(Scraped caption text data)
:::

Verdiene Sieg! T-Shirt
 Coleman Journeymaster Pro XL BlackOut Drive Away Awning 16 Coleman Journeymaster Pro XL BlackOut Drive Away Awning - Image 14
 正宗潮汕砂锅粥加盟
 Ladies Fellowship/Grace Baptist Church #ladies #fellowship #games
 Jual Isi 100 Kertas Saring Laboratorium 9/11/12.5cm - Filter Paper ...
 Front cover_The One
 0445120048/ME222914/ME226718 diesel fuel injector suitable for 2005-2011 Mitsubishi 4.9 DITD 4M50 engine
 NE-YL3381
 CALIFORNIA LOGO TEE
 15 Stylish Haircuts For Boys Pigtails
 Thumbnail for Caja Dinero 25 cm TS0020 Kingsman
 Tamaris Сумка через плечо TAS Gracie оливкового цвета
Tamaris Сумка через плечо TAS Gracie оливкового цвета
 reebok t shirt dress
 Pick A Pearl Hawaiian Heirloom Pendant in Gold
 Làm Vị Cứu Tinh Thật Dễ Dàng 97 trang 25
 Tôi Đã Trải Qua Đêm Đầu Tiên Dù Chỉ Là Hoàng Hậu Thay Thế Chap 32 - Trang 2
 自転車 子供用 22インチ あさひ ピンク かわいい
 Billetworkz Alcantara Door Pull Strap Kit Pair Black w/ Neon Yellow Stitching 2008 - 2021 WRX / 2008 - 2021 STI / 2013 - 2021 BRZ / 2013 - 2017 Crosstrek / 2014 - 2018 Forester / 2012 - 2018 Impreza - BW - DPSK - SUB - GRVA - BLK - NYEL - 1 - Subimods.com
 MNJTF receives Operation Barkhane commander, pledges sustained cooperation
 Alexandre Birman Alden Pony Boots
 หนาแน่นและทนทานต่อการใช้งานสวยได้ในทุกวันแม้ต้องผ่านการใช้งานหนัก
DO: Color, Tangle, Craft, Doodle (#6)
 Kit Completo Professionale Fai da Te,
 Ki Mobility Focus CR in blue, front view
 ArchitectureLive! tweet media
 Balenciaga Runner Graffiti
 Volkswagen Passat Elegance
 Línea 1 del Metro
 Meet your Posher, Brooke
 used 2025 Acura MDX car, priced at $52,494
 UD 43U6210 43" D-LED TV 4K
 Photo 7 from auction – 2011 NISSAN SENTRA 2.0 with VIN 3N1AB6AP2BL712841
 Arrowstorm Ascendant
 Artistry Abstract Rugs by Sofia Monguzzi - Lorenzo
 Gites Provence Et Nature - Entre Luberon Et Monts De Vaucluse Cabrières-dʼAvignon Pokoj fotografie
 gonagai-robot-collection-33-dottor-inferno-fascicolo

:::

Task brief
Please transcribe the data exactly from its first line. End with the line that contains "Làm Vị Cứu Tinh Thật Dễ Dàng 97 trang 25".

Task result
Verdiene Sieg! T-Shirt
 Coleman Journeymaster Pro XL BlackOut Drive Away Awning 16 Coleman Journeymaster Pro XL BlackOut Drive Away Awning - Image 14
 正宗潮汕砂锅粥加盟
 Ladies Fellowship/Grace Baptist Church #ladies #fellowship #games
 Jual Isi 100 Kertas Saring Laboratorium 9/11/12.5cm - Filter Paper ...
 Front cover_The One
 0445120048/ME222914/ME226718 diesel fuel injector suitable for 2005-2011 Mitsubishi 4.9 DITD 4M50 engine
 NE-YL3381
 CALIFORNIA LOGO TEE
 15 Stylish Haircuts For Boys Pigtails
 Thumbnail for Caja Dinero 25 cm TS0020 Kingsman
 Tamaris Сумка через плечо TAS Gracie оливкового цвета
Tamaris Сумка через плечо TAS Gracie оливкового цвета
 reebok t shirt dress
 Pick A Pearl Hawaiian Heirloom Pendant in Gold
 Làm Vị Cứu Tinh Thật Dễ Dàng 97 trang 25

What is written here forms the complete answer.